Indispensable for Beginning Law Students

This is a must-read for anyone going to law school. It orients the beginning law student to the interweaving case law, statutory law, and policy that guide judicial opinions and teaches students how to extract the key elements from those opinions by way of the case briefing method. At 130 pages, it is page for page, and pound for pound, one of the best law prep books you can find. That said, don't think this book is a "quick read." Quite the contrary. To get the most out of this book, you must do some writing - "brief" all six cases presented and compare your work to the samples provided. Then highlight and note what you did right, and what you did wrong. Put the time and work in, and by your 6th brief, you will be amazed at how much progress you have made towards case briefing proficiency (one of the fundamental skills required of first year law students). Whether or not you read anything else before starting law school, you will want to read this book. If you are really serious about preparing for law school (which you should be if you plan on getting good grades), you'll also need the other books in the Delaney series: "How to Do Your Best on Law School Exams," and "Learning Criminal Law as Advocacy Argument."

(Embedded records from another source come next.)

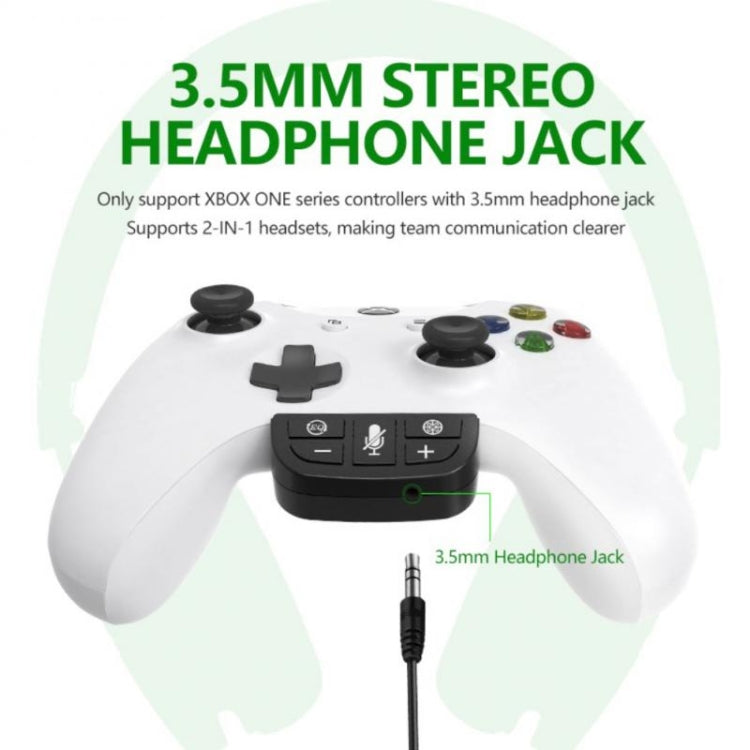 Manejar Sound Enhancer para XBOX ONE, For XBOX ONE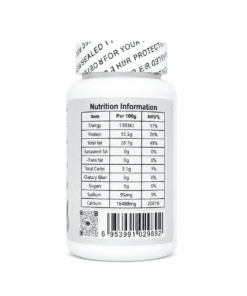 Alternative view of Natural Liquid Calcium Soft Capsules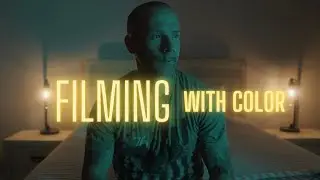 How to create CINEMATIC COLOR Contrast - For Beginners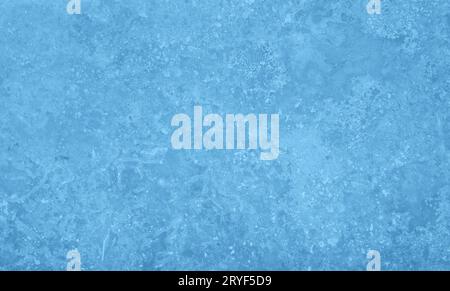 Grunge blue marble stone texture background Stock Photo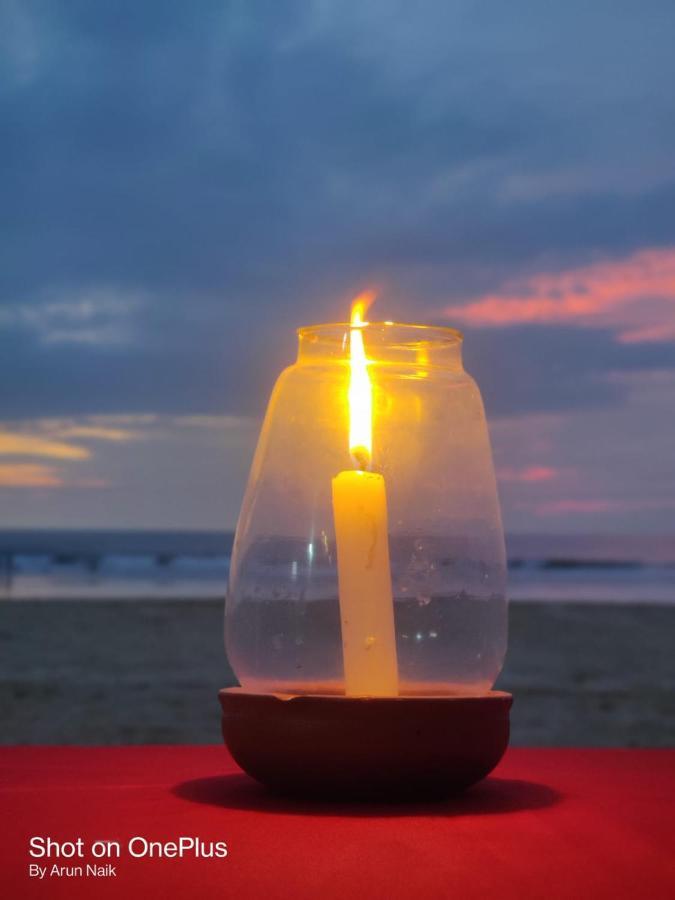 Happy Shack Beach And Wooden Huts Colva Ngoại thất bức ảnh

If you're serious about doing well, you need this book

I am the author of Planet Law School: What You Need to Know Before You Go -- but Didn't Know to Ask. So, it might seem that John Delaney and I are competitors (and our books do have different publishers). But as I said in PLS, this book by Delaney is something every serious law student should get.He presents beautiful examples of "case-parsing," which is what good legal analysis involves. In fact, he's brilliant, but without being flashy about it. To read his book is to rise above all the drudgery and the minutiae of the first-year of law school, and to see the beauty of what's involved in "Thinking Like a Lawyer." It is inspiring.Yet, the book isn't some "ivory tower" fantasy on the Wonders of the Law. It's very down-to-earth, nitty-gritty, in the way you actually have to go about applying the law to the facts.Too many prospective law school students are only interested in a "quickie" book that they kid themselves will help them adequately prepare for what lies ahead. They'll be sorry. Learning Legal Reasoning is NOT "Law School Lite." But it is a delight.